Mariners Sign Nelson Cruz for $58 Million (and Lose No. 19 Pick)
The Mariners today signed Nelson Cruz for a reported $58 million over four seasons. The move also costs the M’s the 19th pick in next year’s amateur draft.
I’m not particularly surprised by the amount of Cruz’s signing or the fact that the M’s were willing to give up their first round draft. He lead the majors in home runs after all, and everybody needs another right-handed power bat.
His numbers are definitely going to fall playing his home games in Safeco Field. However, he hit 25 of his 40 HRs on the road last year, a fact of which I’m sure the Mariners are well aware.

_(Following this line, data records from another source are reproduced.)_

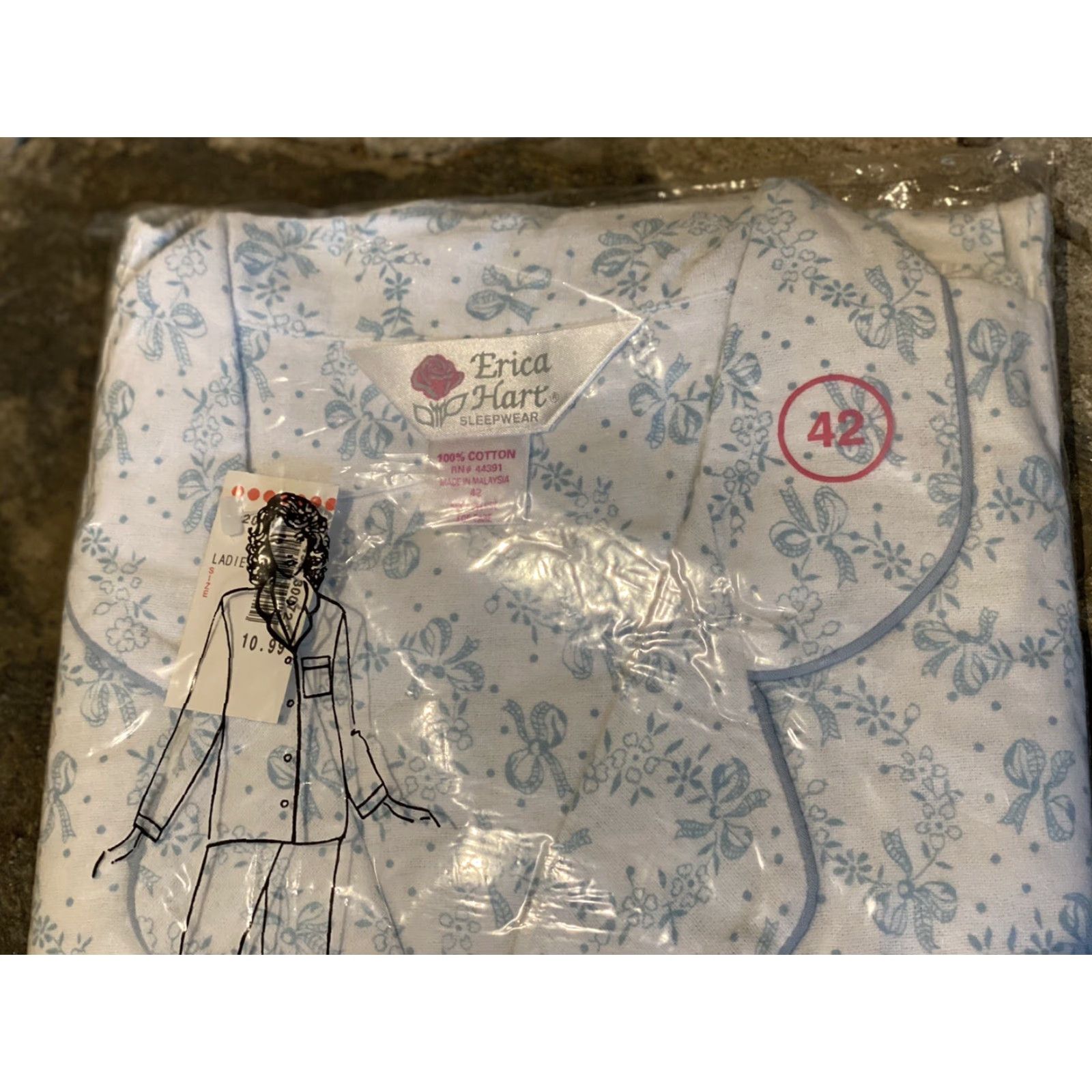 Vintage VINTAGE Erica Hart Cotton Pajamas Set Women's Flannel White Blue 42 Regular Size Floral Long Sleeve Button Collared Sizes: 42 Women Size ONE SIZE - 3 Thumbnail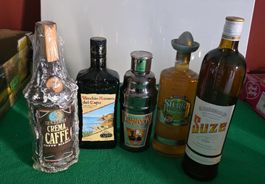 DIEVERSE SPIRITOSEN  NEU UNGEÖFFNET 5 Fl.
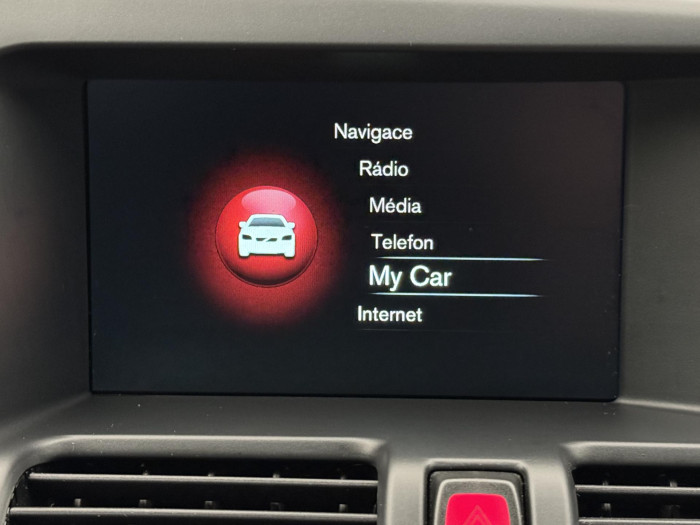 Volvo XC60 D4 AWD CLASSIC 2.4 d Classic Classic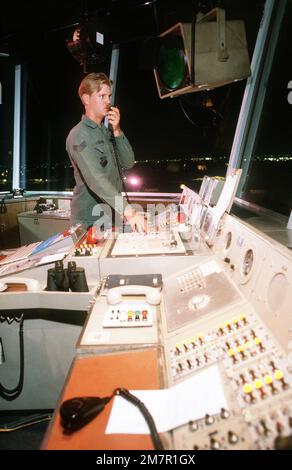 A1c Benjamin Johnson, ein Fluglotse der 2048.-Kommunikationsstaffel, hält Funkkontakt mit einem Flugzeug von seiner Station im Kontrollturm. Basis: Luftwaffenstützpunkt Carswell Bundesstaat: Texas (TX) Land: Vereinigte Staaten von Amerika (USA) Stockfoto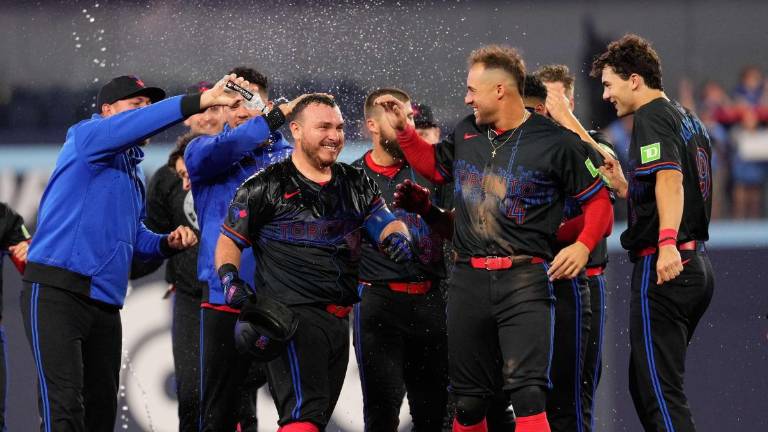 Alejandro Kirk es felicitad por sus compañeros tras definir el encuentro en la entrada 11.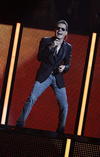 El cantante español Alejandro Sanz sostiene su premio Grammy a Mejor Álbum Vocal Pop Contemporáneo
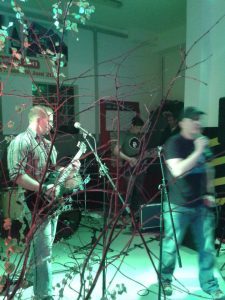 945962_505444626177299_156290418_n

His signing has me thinking about how he had to sign a one-year deal last year for much less than the qualifying offer he rejected earlier in the off-season. The free agents who rejected qualifying offers this off-season have done pretty well so far, but of the three most likely to regret rejecting the qualifying offer (Michael Cuddyer, Melky Cabrera and Francisco Liriano), only Cuddyer has signed so far.
I think the Mets made a big mistake giving Cuddyer $21 million over two years, mainly because they forfeited the 15th overall pick in next year’s draft to do so. It’s looking like there is enough interest, at least from his old team the Blue Jays, for Cabrera to get more than he would have gotten by accepting the QO.

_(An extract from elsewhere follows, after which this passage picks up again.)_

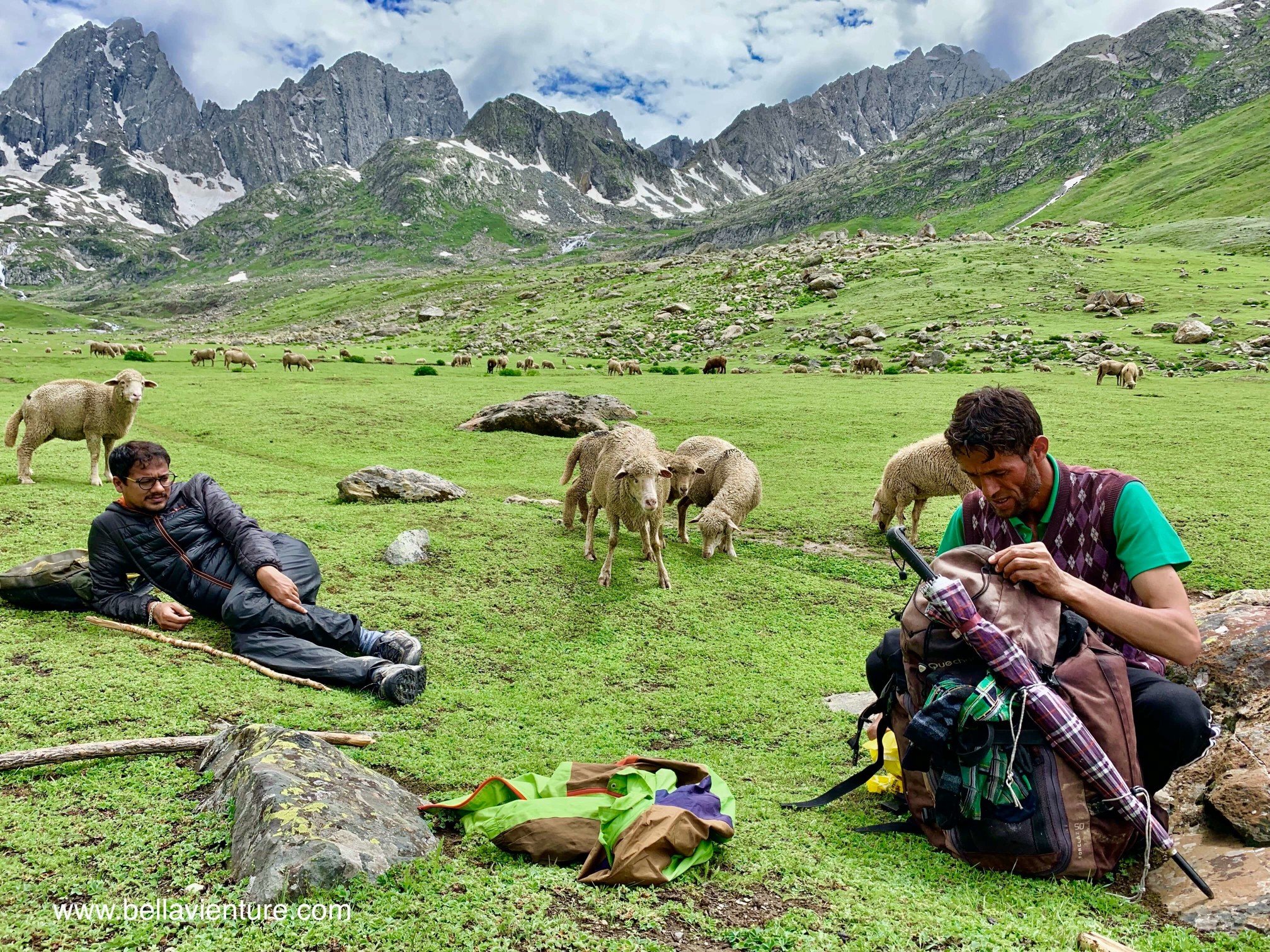 印度 India 北北印 North India 喀什米爾 Kashmir 八天七夜 健行 與導遊午休 印度 India 北北印 North India 喀什米爾 Kashmir 八天七夜 健行 與導遊午休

In the case of Liriano, he might have made a mistake rejecting the QO, even if he gets a two- or three-year deal at $10 million per this off-season. If Liriano could pitch even 180 innings in 2015 with an ERA under 4.00, he could get a whole lot more next off-season. That said, Liriano is now 31 years old, and his history of arm problems is such that he might be doing the right thing trying to grab even a relatively small multi-year deal now.
One thing seems certain — Nelson Cruz’s decision to sign for much less at the start of the 2014’s Spring Training was a better move than the decisions by Kendrys Morales and Stephen Drew to hold out until until the season started so that they could become unrestricted free agents this off-season. There aren’t a lot of teams that want a designated hitter with a .612 OPS or an offense-first shortstop coming off a .162 batting average season.
Morales and Drew will get major league contracts this off-season, because at least one team will be willing to bet that they will bounce back in 2015. However, I would be surprised in any team is welling to risk more than $3M or $4M for one season given how poorly they played last year.